Tuesday, December 20, 2005

Transit strikes are fantastic. Currently, I'm writing this from outside my office hallway due to the fact that the four individuals with keys (I am not one of these four) have decided to not show up for work. Luckily, I can still snag a wireless signal, as well as have access to an outlet. So here I am, sitting on plush carpet, tapping away, while people in shiny green suits make deals with the devil.

Back to the issue of the transit strike. I think it's great. Yes, it is an inconvenience to millions of people. Yes, the biggest transportation system in the world is shut down, ruining people's holiday shopping. Yes, cabs have hiked up their prices, and the sidewalks are jammed with people.

However, the lack of cars in the streets due to the 4-rider requirement, makes this city amazing. The streets themselves, are totally empty. One can look up and down the avenues, and see almost all the way to downtown. And it's quiet. So quiet, you can hear the steam rushing below the streets. Instead of cars there are bikes weaving up and down the blocks. Right now, if I could have anything, it would be a bike to just weave in and out through pedestrians. Even in the cold, this would be amazing.

I ended up talking to someone from Transportation Alternatives about what was happening on my walk over. Chris, was handing out pamphlets, maps, and other assorted literature showing what NY could be like if less people drove, and more walked, biked, or took public transportation. Right now, I would definitely go for something like that. The quiet is amazing. One can't even fathom the amount of noise pollution that exists until one gets rid of the cars.

Tonight, I'm going to walk downtown to look at an apartment. Even though it would be convenient to have the subway take me there, I think the walk will make it more of an adventure.

Monday, December 05, 2005

Exhausted.

I think that is a good word to describe the way I have been feeling and acting these past few days. It seems like all the energies in every sphere of my life is tapped right now and I'm running on empty. Mentally, I'm drained from Saturday. Physically, every step I take is agony due to a lack of stretching on Sunday. Emotionally....well, when your both physically and mentally sapped, emotions can only take you so far, even if they usually take precedence in your life. To live the majority of your life where they take the lead, and then to have their support units taken away (mental and physical loss) it's like having your legs knocked out from under you.

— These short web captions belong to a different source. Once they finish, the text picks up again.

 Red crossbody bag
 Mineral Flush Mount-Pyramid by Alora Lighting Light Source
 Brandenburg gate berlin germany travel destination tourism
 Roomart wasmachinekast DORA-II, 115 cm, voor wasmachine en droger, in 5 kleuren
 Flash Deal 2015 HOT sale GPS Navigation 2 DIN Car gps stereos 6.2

This is where I am right now. Perhaps if I get some sleep it could help. I should be sleeping more, especially when my reserves are drained. Except I can't. I'm at the point of exhaustion where systems stop functioning the way they are supposed to, such as when your drained and your body responds to by conking out. I could suck down four fingers of scotch, to see if that would numb me enough to get past the survival sensors, but I don't think that this is the way to go right now. Its getting to the point where when I do drink, I'm doing it to forget. And that's wrong. It's not supposed to be this way. It's supposed to help me remember, to celebrate.

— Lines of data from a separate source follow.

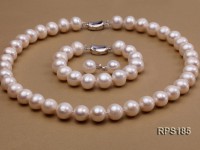 12-13mm AAA round freshwater pearl necklace,bracelet and earring  set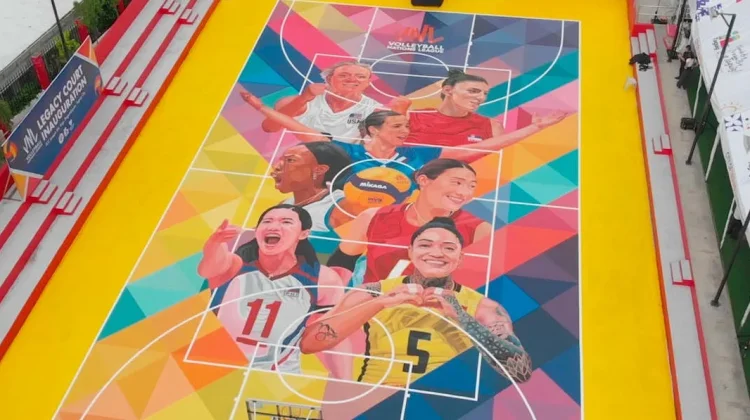 FIVB dan Volleyball World Bangun Lapangan VNL Legacy di Tiga Kota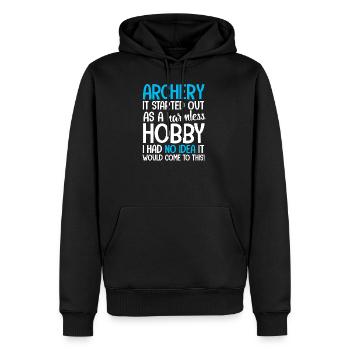 Archery Bogenschießen - Männer Premium Bio Hoodie - Schwarz - Vorne - Nico (187cm)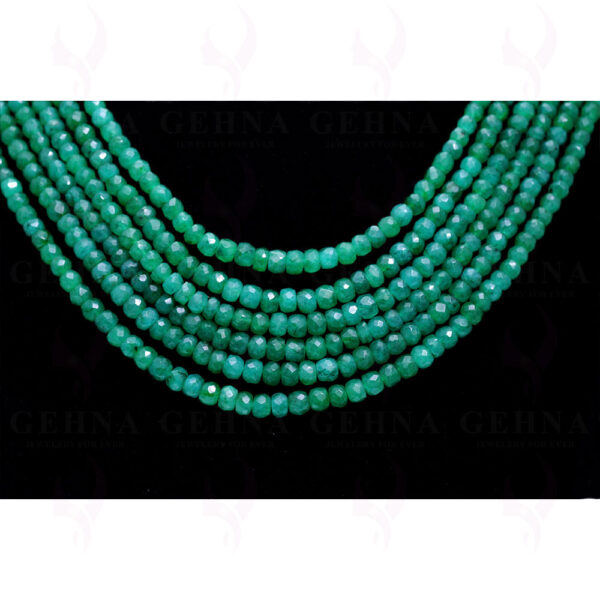 6 Rows Emerald Gemstone Faceted Bead Necklace NP-1213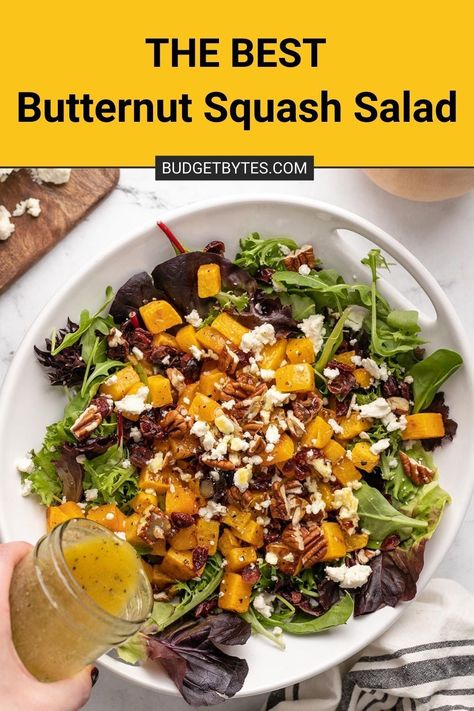 Side Dishes Fall, Butternut Squash Salad Recipes, Recipes Side Dishes, Butternut Squash Recipes Roasted, Recipes Budget, Butternut Squash Sweet, Autumn Salad Recipes, Baked Butternut Squash, Butternut Squash Salad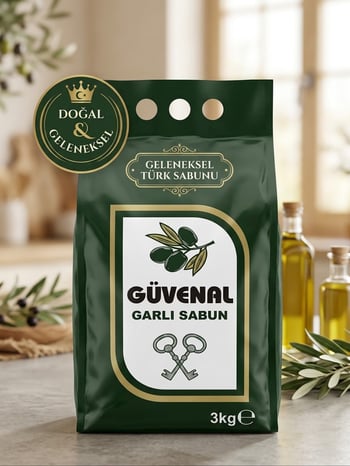 3 Kg Güvenal Garlı Kalıp Sabun 16 Adet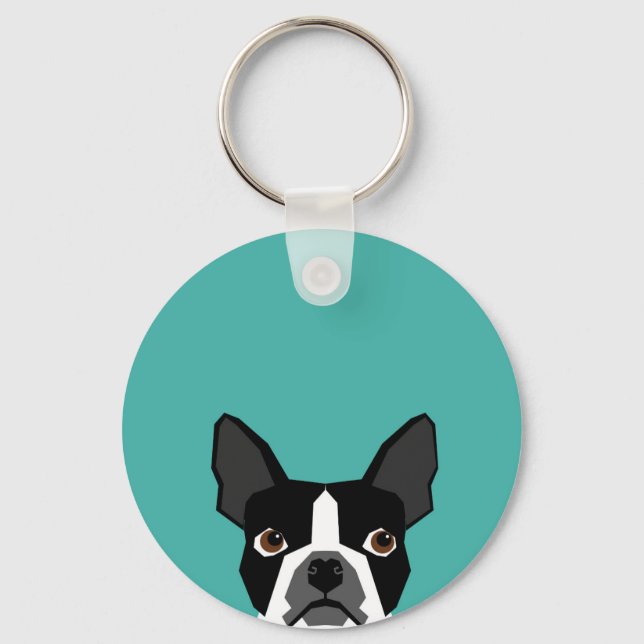 Chaveiro de Boston Terrier dog (Frente)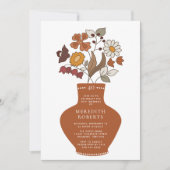 Invitation Whimsical Retro Boho Floral 40e anniversaire (Devant)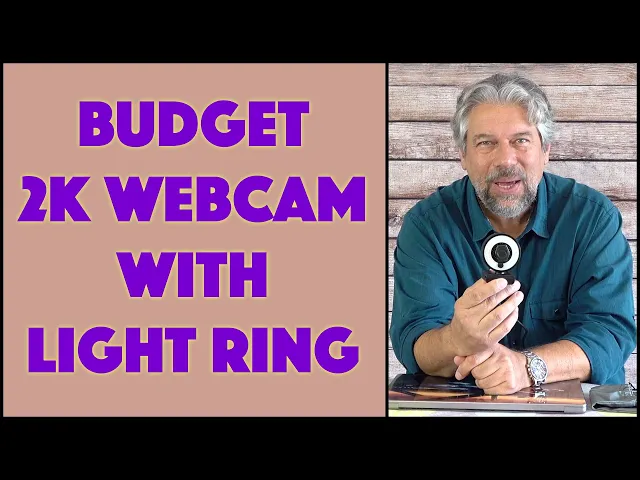 Video thumbnail for Workstream by Monoprice 2K Webcam with Light Ring -- DEMO & REVIEW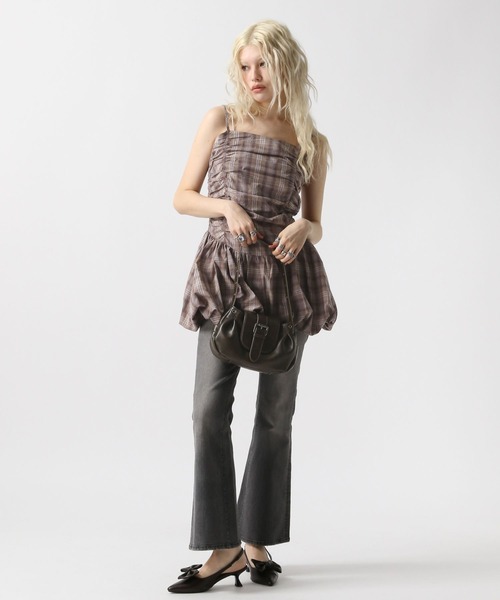 FOREVER 21（フォーエバー トゥエンティーワン）の「【2025SS】バルーンキャミワンピース（ワンピース・レディース・オフホワイト/ブラック/ブラウン/ドット・SMALL/MEDIUM）」の7枚目の写真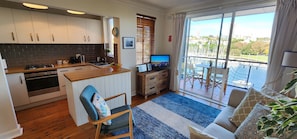 Comfortably and thoughtfully furnished apartment.  Balcony with harbour views.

Except I'm not sure what there is to celebrate right now. I guess being finished with the LSATs is an accomplishment. However, I don't see as such right now. It's more like jumping through the first of many hoops that lead down that path. I started my work full-time today. That could be considered a turning point. A member of the work-force. One of the millions who no longer live to learn, but live to produce and consume. It's a sad thought. I can't say that focus of my existence right now is to develop and focus purely on the mind in a completely selfish way. I don't feel that fire has been extinguished yet. The torch still is smoldering. And I miss the burn that comes with it.

Previously, I spoke of forgetting things. Well, I forgot my notebook in DC. That collection of pages has contained every random thought, fact, quote, list, idea, revelation, direction, sketch, and half-assed wish that I have assembled since moving back to Ramsey. It would have done wonders to have had that last night, and especially today. Luckily, Adam thinks he knows where it is in his living room and can overnight it to me. There is something about putting your pen to paper that lets you view your experiences with new air in your lungs.

I've been searching for a suitable replacement that can take it's place until I get that all-important collection of scribbles back. Digging through a desk-drawer I haven't cleaned out in about four years, I discovered my first-generation thought-pad, i.e. the 60 sheet 3 x 5 inch memo book I carried around in my back pocket for most of freshmen year. Its missing its cover and is frayed, bent and ...looks like chewed at, but still serviceable. It's amazing how much characteristics of oneself still hold true even after four years of continual self change. I may post some of the entries later on, for posterity's sake, especially the poems. I don't know if they are as painful as a Vogon's, but they're still pretty bad.